_The task_. Print, exactly as they stand, the lines from the start of the listing to the line containing "Cleansing Candida : Capsules", inclusive.
..............................
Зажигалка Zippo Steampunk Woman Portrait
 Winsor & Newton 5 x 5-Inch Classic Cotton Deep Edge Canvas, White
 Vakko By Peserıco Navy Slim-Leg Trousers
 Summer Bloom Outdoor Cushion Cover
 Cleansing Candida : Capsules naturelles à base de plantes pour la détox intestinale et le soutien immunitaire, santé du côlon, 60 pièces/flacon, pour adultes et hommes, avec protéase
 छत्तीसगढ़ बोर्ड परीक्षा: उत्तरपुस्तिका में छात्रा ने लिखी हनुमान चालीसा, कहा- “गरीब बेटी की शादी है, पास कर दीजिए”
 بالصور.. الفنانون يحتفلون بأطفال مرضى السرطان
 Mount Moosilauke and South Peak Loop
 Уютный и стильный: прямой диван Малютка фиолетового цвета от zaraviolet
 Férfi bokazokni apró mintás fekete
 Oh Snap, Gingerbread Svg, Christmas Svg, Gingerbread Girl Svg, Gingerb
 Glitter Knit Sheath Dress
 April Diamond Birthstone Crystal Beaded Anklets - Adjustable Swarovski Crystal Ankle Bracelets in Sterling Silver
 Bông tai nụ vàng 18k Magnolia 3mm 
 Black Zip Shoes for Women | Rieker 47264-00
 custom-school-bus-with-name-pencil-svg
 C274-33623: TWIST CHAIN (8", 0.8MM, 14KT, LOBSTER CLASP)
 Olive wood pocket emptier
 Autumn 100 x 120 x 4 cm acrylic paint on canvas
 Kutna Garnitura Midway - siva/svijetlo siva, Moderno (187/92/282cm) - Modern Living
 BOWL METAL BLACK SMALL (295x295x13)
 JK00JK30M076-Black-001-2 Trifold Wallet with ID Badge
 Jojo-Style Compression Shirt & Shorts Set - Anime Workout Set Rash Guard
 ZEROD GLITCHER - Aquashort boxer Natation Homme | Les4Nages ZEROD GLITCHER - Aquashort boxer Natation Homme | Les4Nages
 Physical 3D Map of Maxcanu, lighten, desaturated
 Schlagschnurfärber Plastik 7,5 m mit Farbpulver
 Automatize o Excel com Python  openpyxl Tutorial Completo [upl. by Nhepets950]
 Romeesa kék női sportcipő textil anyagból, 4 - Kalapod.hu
..............................
_Completed task_.
Зажигалка Zippo Steampunk Woman Portrait
 Winsor & Newton 5 x 5-Inch Classic Cotton Deep Edge Canvas, White
 Vakko By Peserıco Navy Slim-Leg Trousers
 Summer Bloom Outdoor Cushion Cover
 Cleansing Candida : Capsules naturelles à base de plantes pour la détox intestinale et le soutien immunitaire, santé du côlon, 60 pièces/flacon, pour adultes et hommes, avec protéase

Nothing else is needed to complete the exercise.